The Trump campaign shot back that the Harris campaign was taking Vance out of context.

“In the full exchange, Sen. Vance clearly says he would not privatize the Department of Veterans Affairs,” William Martin, a spokesperson for Vance, said in a statement to Military.com. “The Kamala campaign is once again twisting his words and lying about his position because they have nothing but a record of abject failure to run on. It’s also worth noting that JD personally relied on the VA for years after leaving the Marine Corps. They should be ashamed for intentionally lying about a veteran when it comes to providing quality care and coverage for our veterans.”

During his first term in office, Trump expanded veterans’ ability to see non-VA doctors using VA funding by signing the Mission Act. While veterans had already been able to seek outside health care following the 2014 VA wait-time scandal, the Mission Act grew the number of veterans eligible for outside care and consolidated several different community care programs into one.

VA guidelines established under the Mission Act say veterans can seek outside care if they face more than a 30-minute drive for primary care or mental health services or 60 minutes for specialty care — meaning the veteran described in Vance’s scenario of driving two and half hours should already be eligible for community care.

The Mission Act received bipartisan support when it passed in 2018, but it has since become more partisan. Republicans have alleged that the VA under the Biden administration has undermined the law by limiting the number of referrals to community care. Congressional Republicans have introduced bills to strengthen the eligibility guidelines and make it hard for the VA to deny a referral.

Democrats, meanwhile, charge that the GOP is ultimately aiming to privatize the VA.

They point to Project 2025, a conservative think tank blueprint for a future Republican president that calls for retooling the VA’s disability ratings system to find “cost savings” and says the next administration should “rapidly and explicitly codify VA Mission Act access standards in legislation to prevent the VA from avoiding or watering down the requirements in the future.”
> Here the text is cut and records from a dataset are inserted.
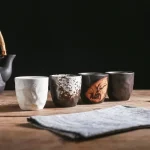 Tasse à thé rétro en céramique japonaise, zone estay francs, café matcha, tasse décontractée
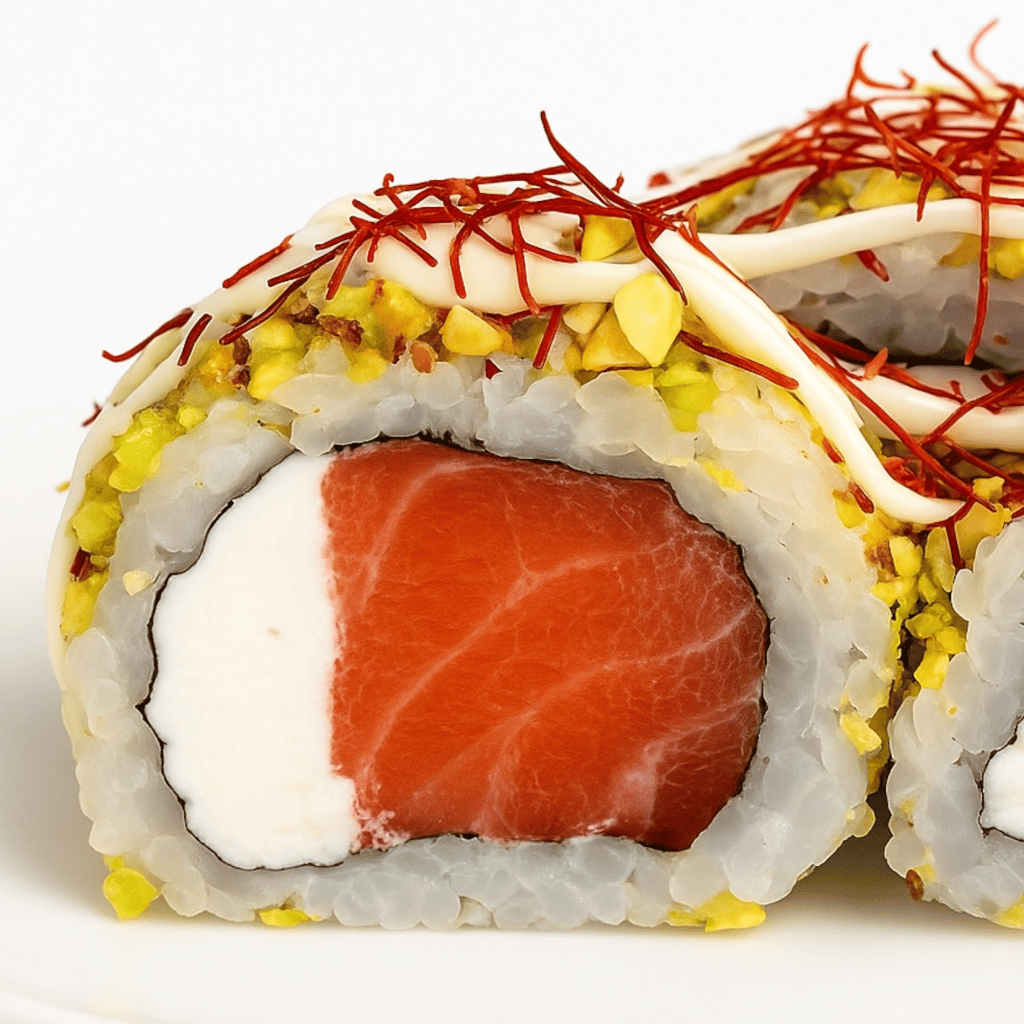 Вершковий лосось з фісташкою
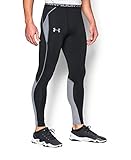 Under Armour Men's UA HeatGear ArmourVent Compression Leggings Medium Black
The plan was written by former Trump administration officials and others with ties to Trump, though Trump has tried to distance himself from the document.
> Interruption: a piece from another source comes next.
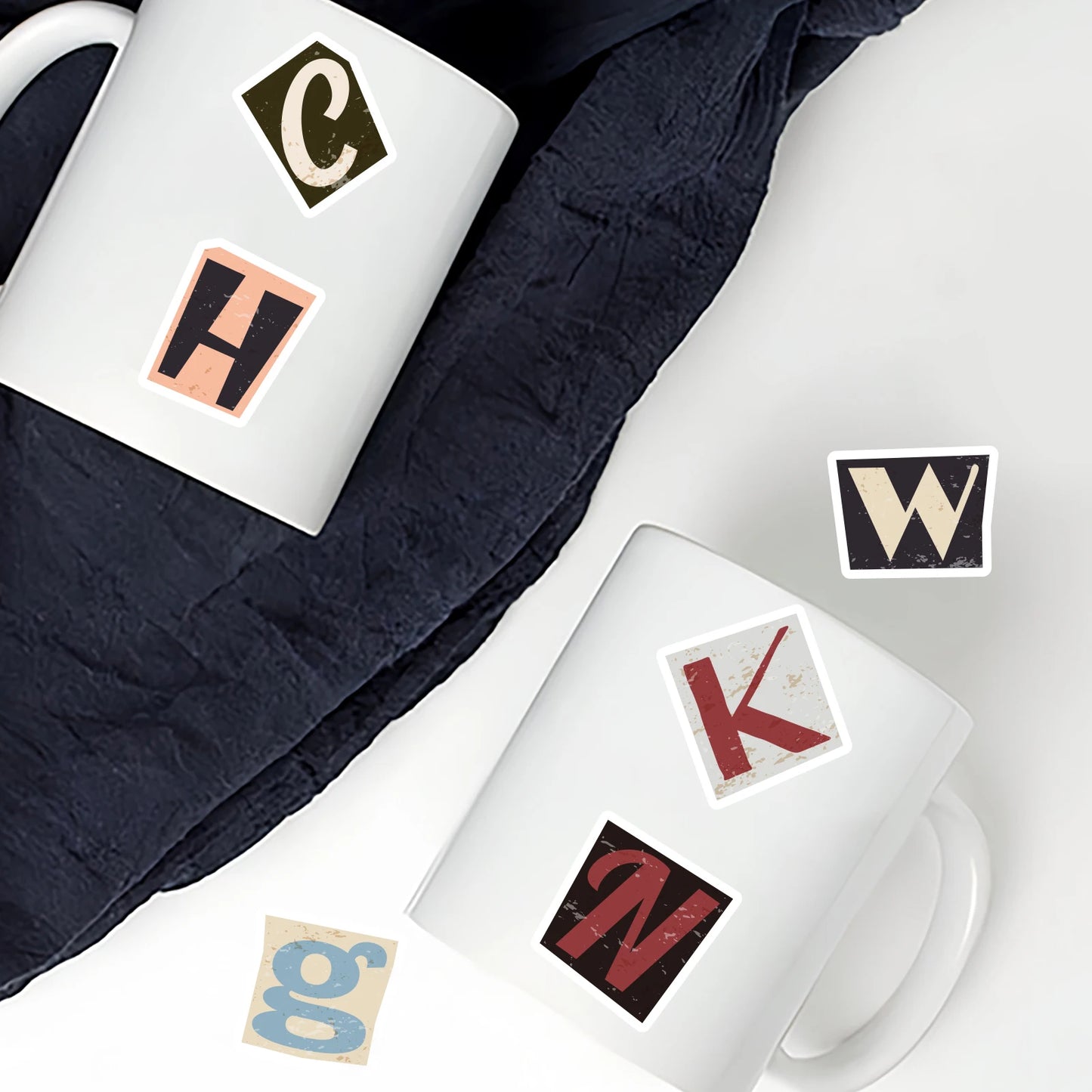 52pcs Vintage Letter Pattern Stickers for Laptops, Phone Cases, Water Bottles, Suitcases, Children's Toys, Back To School Season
While Vance asserted that expanding access to outside doctors could cut costs, VA officials have said community care costs have been growing at an unsustainable rate since the implementation of the Mission Act.

During the podcast interview, Vance also discussed the need to fire “bad apples” within the VA.

“Probably 90%, 95% of the people who work at the VA are fantastic human beings, but then you’ve got, like, a small slice of the VA that’s bad apples that make it really hard for everybody else to do their job,” Vance said. “This is why veterans spend three hours on the phone trying to get an appointment. This is why you have people committing suicide because they’re waiting 28 days to get an appointment with a doctor. Like, just crazy, crazy stuff. But it’s a small sliver of the VA. You ought to fire those people, right?”

In his first term, Trump also signed a law called the Department of Veterans Affairs Accountability and Whistleblower Protection Act that sought to make it easier for the VA to fire employees accused of misconduct or poor performance.

But the law faced legal challenges that weakened its effectiveness and prompted the Biden administration to stop using the expedited firing authorities granted by the bill. Republicans in Congress have been working to revive the authorities.